感情を溜め込んで「消えたい」「もう疲れた」と感じてしまう前に、少しだけ出口を作ることが大切だ。深く疲弊してしまった時は、疲れた消えたいと感じる時の対処法と心の休め方も読んでほしい。
まとめ
ポジティブ強制文化の中で笑い続けることへの疲れは、あなたの弱さじゃない。
感情労働は実際に心を消耗させる。自分の疲れを否定し続けることで、その消耗は倍になる。まず、自分が感じている疲れに名前をつけて、「これは自然な反応だ」と認めることが、すべての出発点になる。
次に、笑顔モードとオフモードの棲み分けを意識的に作ること。全部演じようとするから電池が切れる。70%で済む場面は70%でいい。休憩中、帰り道、家に戻った瞬間などに「オフスイッチ」を作っていこう。
そして、「断る練習」を少しずつ積み重ねること。断ることは自分を守ることであって、相手を傷つけることじゃない。最初は小さな断りから始めて、少しずつ慣れていけばいい。
最後に、感情を安全に吐き出せる場所を持つこと。日記でも、信頼できる人への一言でも、体を動かすことでもいい。「出口」を持っていることが、長く続けるための鍵になる。
人間関係に疲れた夜、ひとりでいることがしんどくなったら、人間関係に疲れた孤独な夜の乗り越え方も読んでみてほしい。
毎日SNSで他人のキラキラした生活を見て、自分だけが疲れているように感じてしまうこともある。でも、インスタグラムで見えているのは、その人が「見せたい部分」だけだ。ポジティブに見える人たちも、舞台裏では疲れていることがある。比べることをやめるだけで、少し楽になれる。SNS比べグセが気になる人は、「インスタ見るたびに落ち込む…」SNS比べグセをスッキリ手放す方法も読んでみてほしい。
ポジティブでいることは素敵なことだ。だけど、それは強制されるものじゃない。自然に出てくるものだから価値がある。
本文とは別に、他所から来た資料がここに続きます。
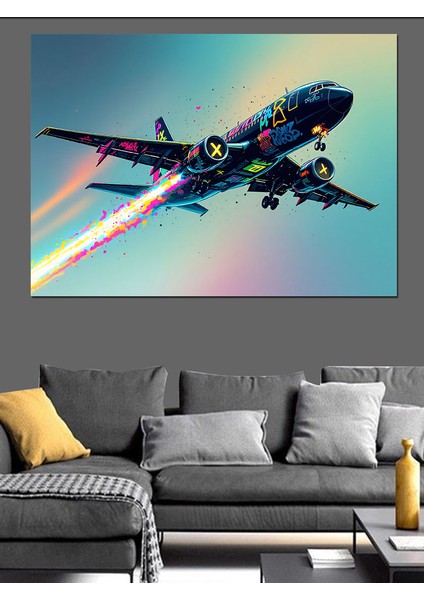 Uzayda Jet Uçak Dekoratif Tablo fiyatları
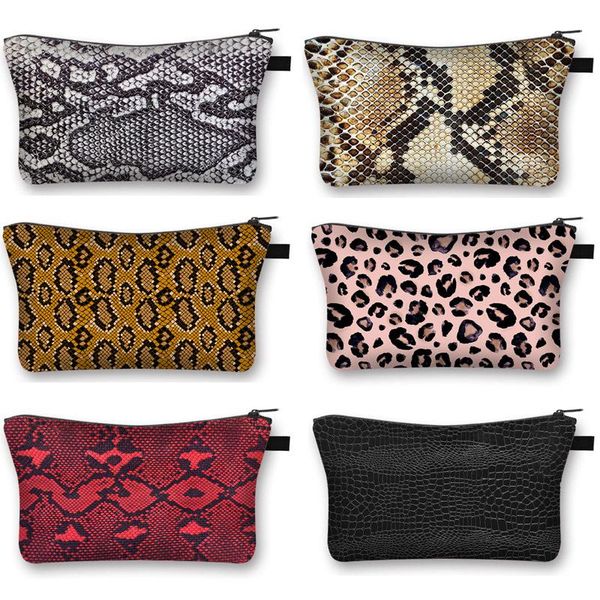 

dashing косметическая сумка для печати змеиная кожа холст персонализированные мешки для макияжа женщин-помада сумка для девочек подарок хран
あなたが笑顔を見せる日も、疲れた顔をする日も、どちらも本物のあなただ。自分のペースで、自分らしく、いていい。
よくある質問
Q. 職場のポジティブ強制文化に合わせ続けると、どんな影響がありますか?
感情労働による消耗が蓄積し、慢性的な疲弊やバーンアウトにつながることがあります。また、自分の本当の感情を無視し続けることで、自己否定が強まりやすくなります。長期的には、仕事へのモチベーション低下や、プライベートでの感情表現が難しくなるケースも見られます。自分の疲れを「おかしい」と思わずに、感情労働の疲れとして認識することが、悪化を防ぐ第一歩です。
Q. 職場で無理に笑顔を作らなくても、人間関係は保てますか?
はい、保てます。「最低限の礼儀」と「無理な演技」は別物です。挨拶をする、相手の話を聞く、必要な報連相をするといった基本的なコミュニケーションができていれば、毎日ハイテンションでいる必要はありません。むしろ、自然体の人のほうが信頼されやすいこともあります。笑顔の「量」より「本物かどうか」の方が、長期的には人間関係に影響します。
Q. どうしても職場の雰囲気に合わせてしまいます。どうすれば変えられますか?
一気に変えようとせず、小さな「オフタイム」を増やすことから始めましょう。休憩中は一人でいる時間を作る、帰り道で気持ちを切り替えるルーティンを持つなど、笑顔モードをオンにしなくていい時間を意識的に確保することが第一歩です。断ることへの練習も、「今日は少し疲れてて」という一言から始めると始めやすいです。少しずつ積み重ねていくことで、自然と変わっていきます。